Same is true in the corporate eLearning space (LMS Dissatisfaction on the Rise & Do You WANT an LMS? Does a Learner WANT an LMS?).
Quite true.No student would use the current so-called learning environments during their worktime or freetime. In 2006 I was at EC-TEL where Scott Wilson asked the audience full of educational technology specialists, “how many of you use a LMS for your personal learning?”. Surprise. No hands.
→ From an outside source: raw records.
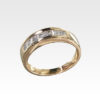 Кольцо из золота с бриллиантами Арт1101251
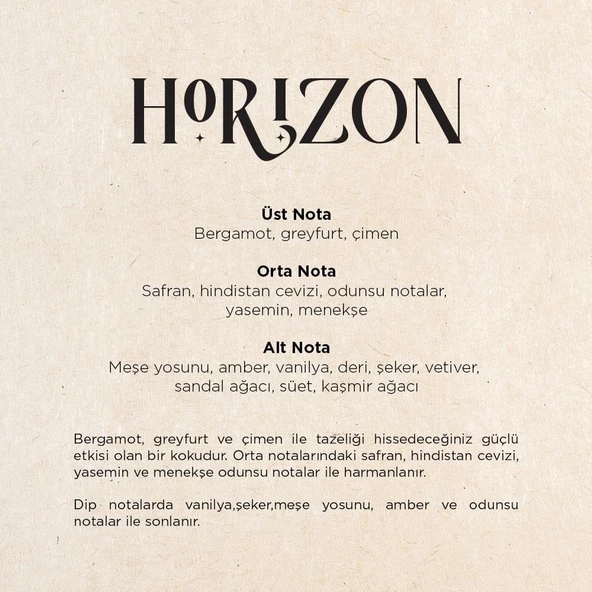 CARPEX Horizon A1 Koku Kartuşu 200 ML - Resim 3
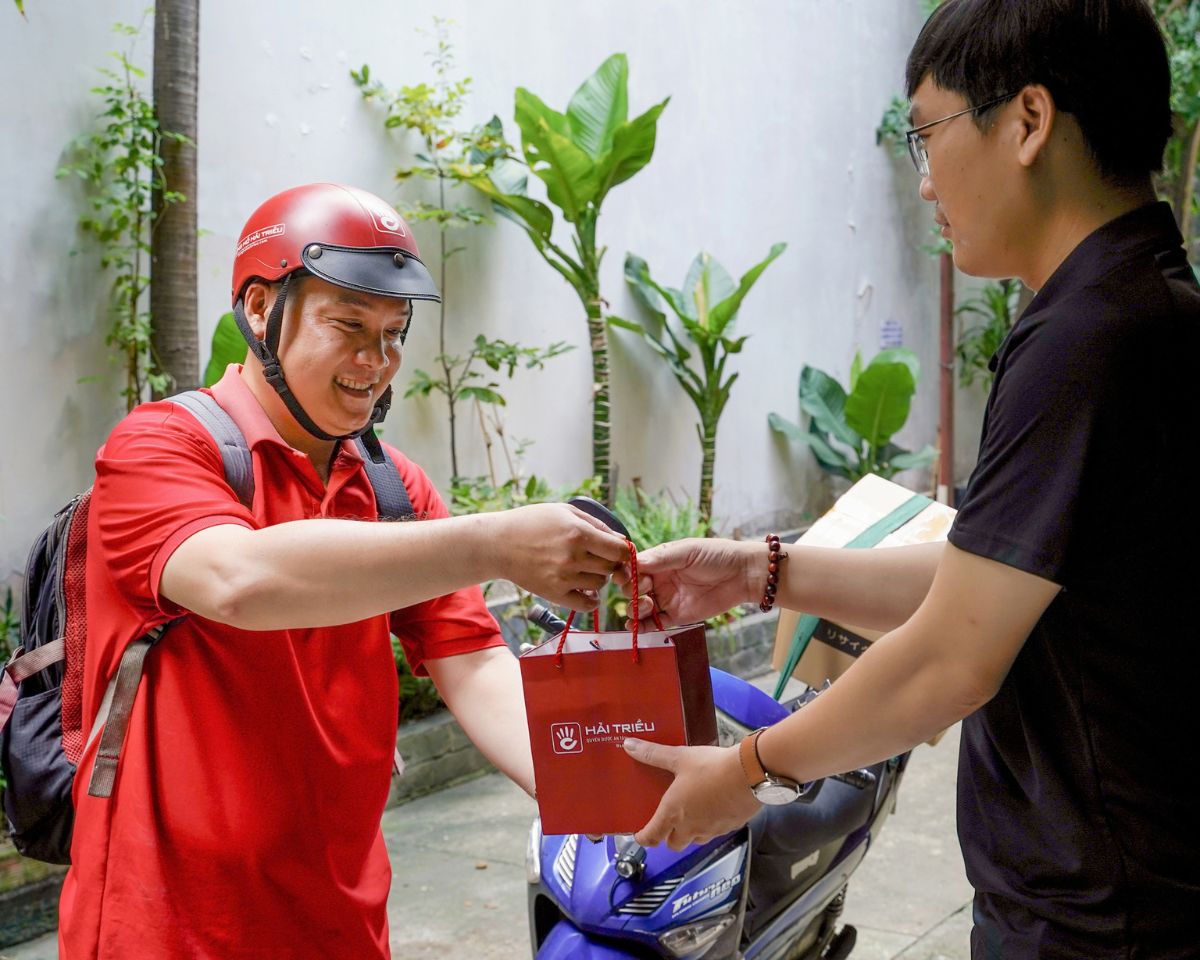 Chính sách giao hàng vận chuyển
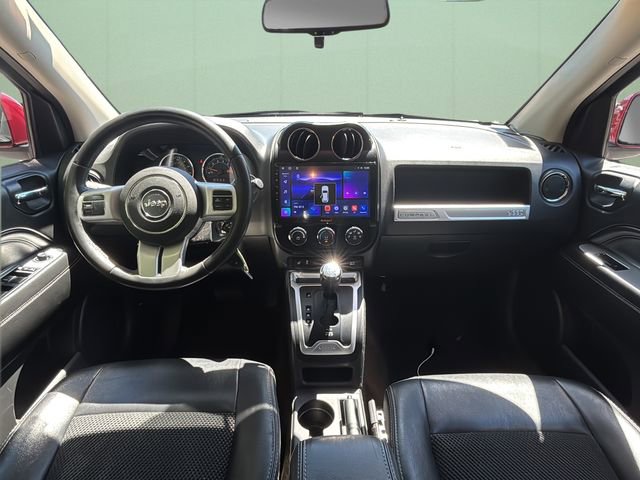 Used 2016 Jeep Compass Latitude AWD/4WD image 20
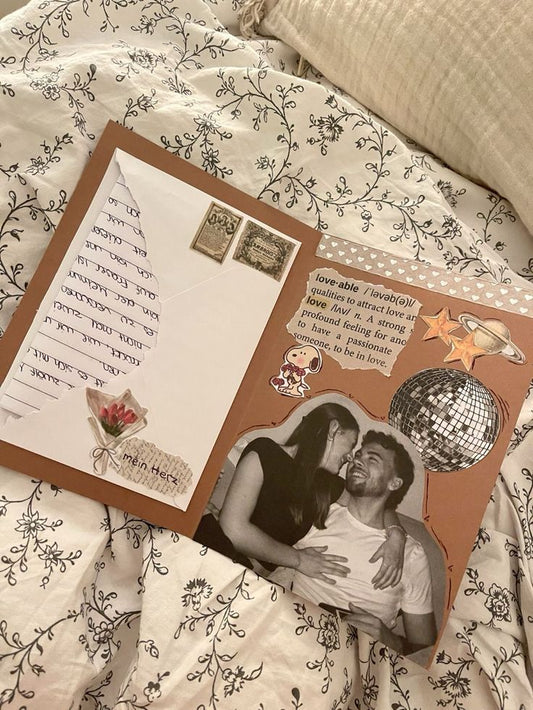 Vintage Love Keepsake Kit
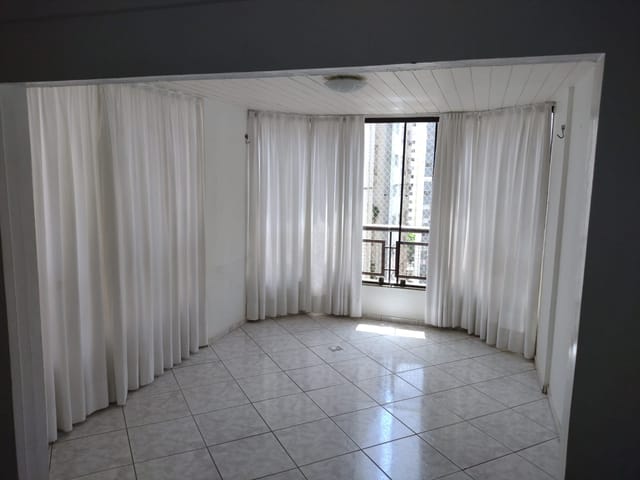 Foto do Apartamento - Apartamento para Locação 1 Suite, 2 Vagas, 120M², Setor Oeste, Goiânia - GO | Edifício Calamares | Goiânia Brokers Imobiliária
Social technologies are different. Blogs and wikis are already being implemented by learners themselves. Call them Personal Learning Environments (PLE) if you want but the key issue here is that they are based on user-centric design.I'm not sure what he means by "they are based on user-centric design" but the idea is right. If we are providing an LMS and thinking we are providing a good learning support mechanism, I think we are deluding ourselves. They are necessary and I certainly am involved with them (selection and implementation) a lot. However, knowledge workers and learners are adopting other work and learning techniques and tools because they support knowledge work and learning AND because they are incredibly easy to use, thus, the adoption hurdle is low (see Adoption of Web 2.0 and eLearning 2.0 Revisited).